> **Extracted entries**:
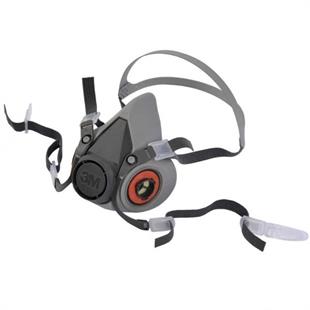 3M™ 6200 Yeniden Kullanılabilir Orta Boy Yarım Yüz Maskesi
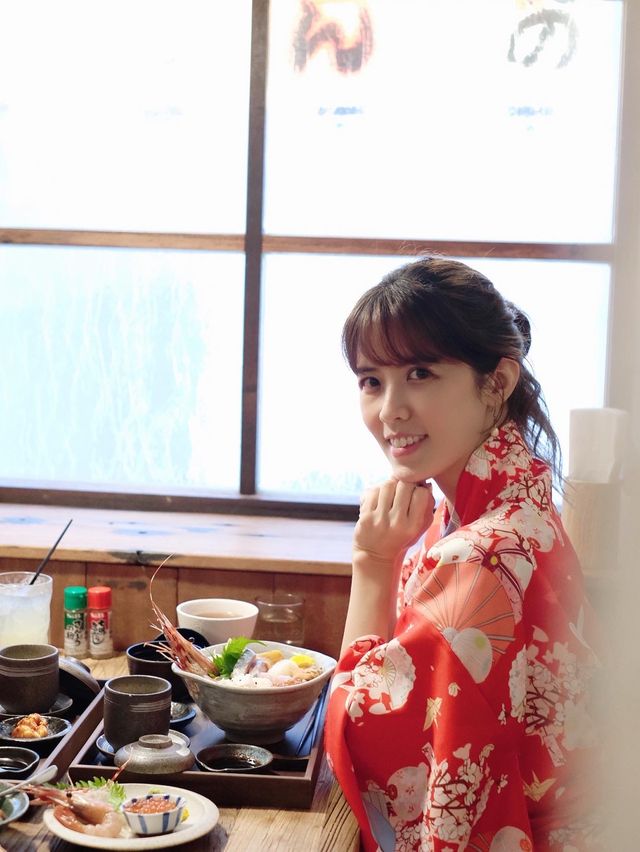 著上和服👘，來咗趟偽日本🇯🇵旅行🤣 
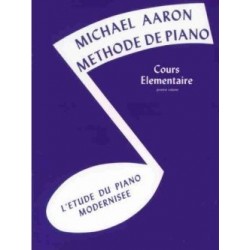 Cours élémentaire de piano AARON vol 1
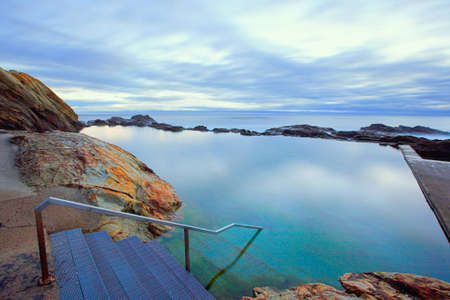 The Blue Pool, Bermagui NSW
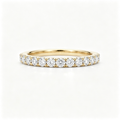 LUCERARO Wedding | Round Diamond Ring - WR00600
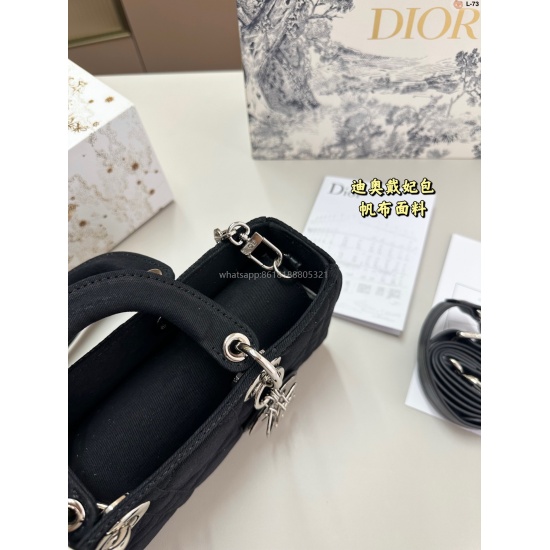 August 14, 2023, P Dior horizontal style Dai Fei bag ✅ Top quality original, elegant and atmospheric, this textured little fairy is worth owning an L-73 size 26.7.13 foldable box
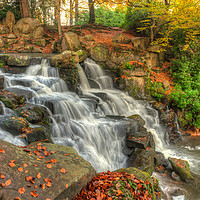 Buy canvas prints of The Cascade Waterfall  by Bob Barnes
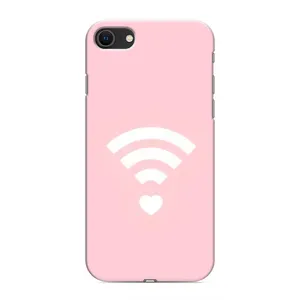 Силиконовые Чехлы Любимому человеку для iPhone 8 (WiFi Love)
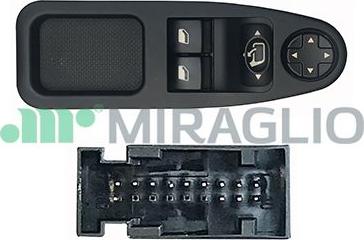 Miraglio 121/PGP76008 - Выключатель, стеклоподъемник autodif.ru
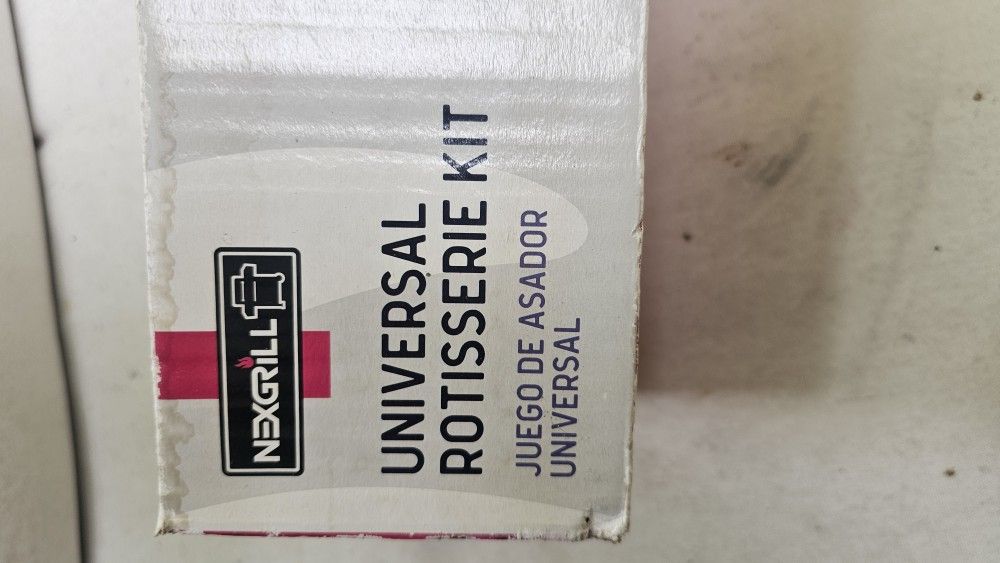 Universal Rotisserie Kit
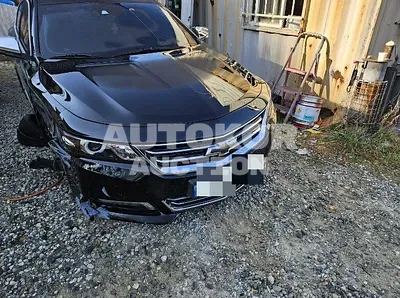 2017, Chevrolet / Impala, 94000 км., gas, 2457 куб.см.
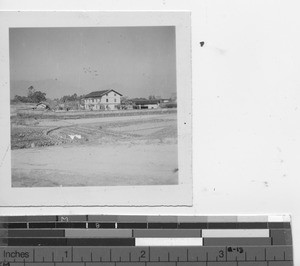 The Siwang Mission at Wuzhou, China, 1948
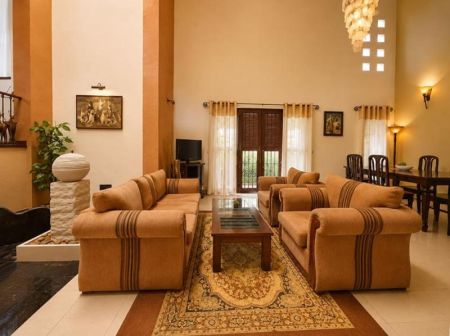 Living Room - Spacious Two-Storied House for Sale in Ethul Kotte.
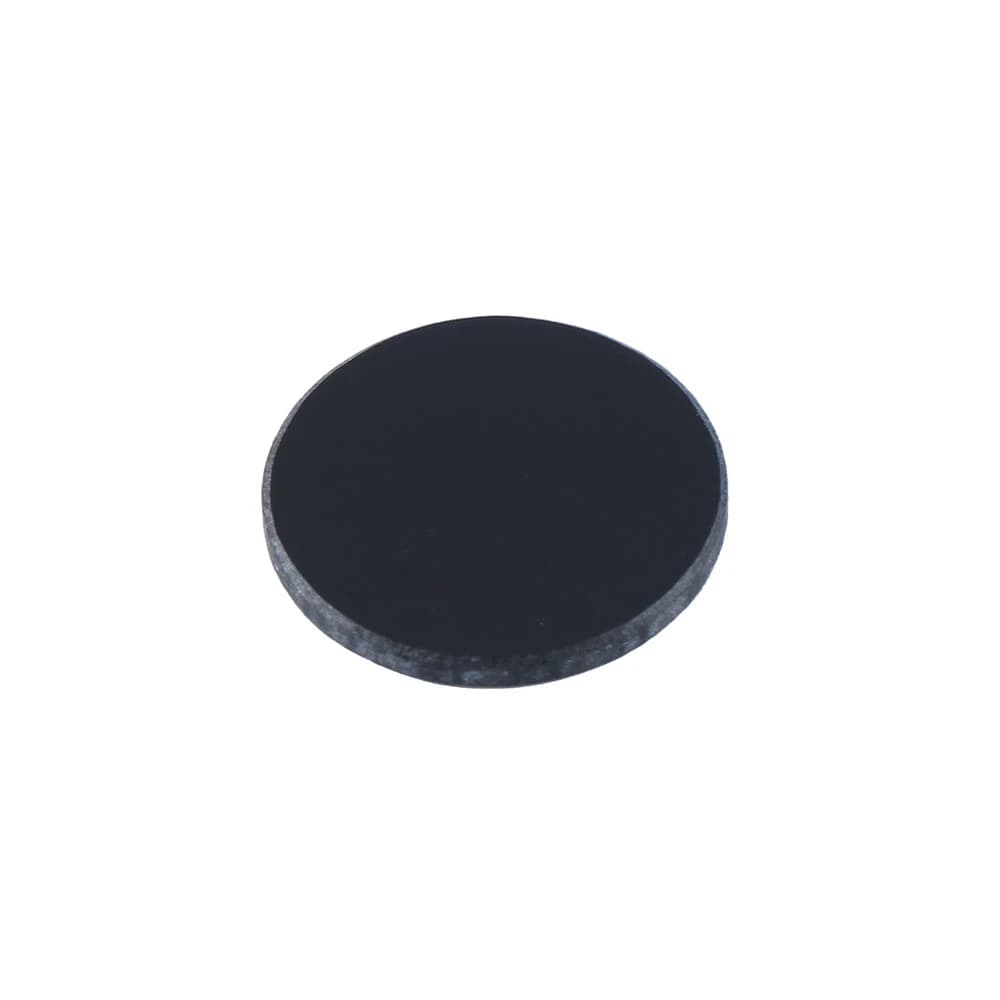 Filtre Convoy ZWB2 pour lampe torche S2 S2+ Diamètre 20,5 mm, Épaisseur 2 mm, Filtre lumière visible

---

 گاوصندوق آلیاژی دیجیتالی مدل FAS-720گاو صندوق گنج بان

> **The task**: What you return from the records above should be exactly everything from the line with "3M™ 6200 Yeniden" down to the line with "Buy canvas prints", both kept, and no pictures.

> **Finished exercise**:
 3M™ 6200 Yeniden Kullanılabilir Orta Boy Yarım Yüz Maskesi
 著上和服👘，來咗趟偽日本🇯🇵旅行🤣 
 Cours élémentaire de piano AARON vol 1
 The Blue Pool, Bermagui NSW
 LUCERARO Wedding | Round Diamond Ring - WR00600
 August 14, 2023, P Dior horizontal style Dai Fei bag ✅ Top quality original, elegant and atmospheric, this textured little fairy is worth owning an L-73 size 26.7.13 foldable box
 Buy canvas prints of The Cascade Waterfall  by Bob Barnes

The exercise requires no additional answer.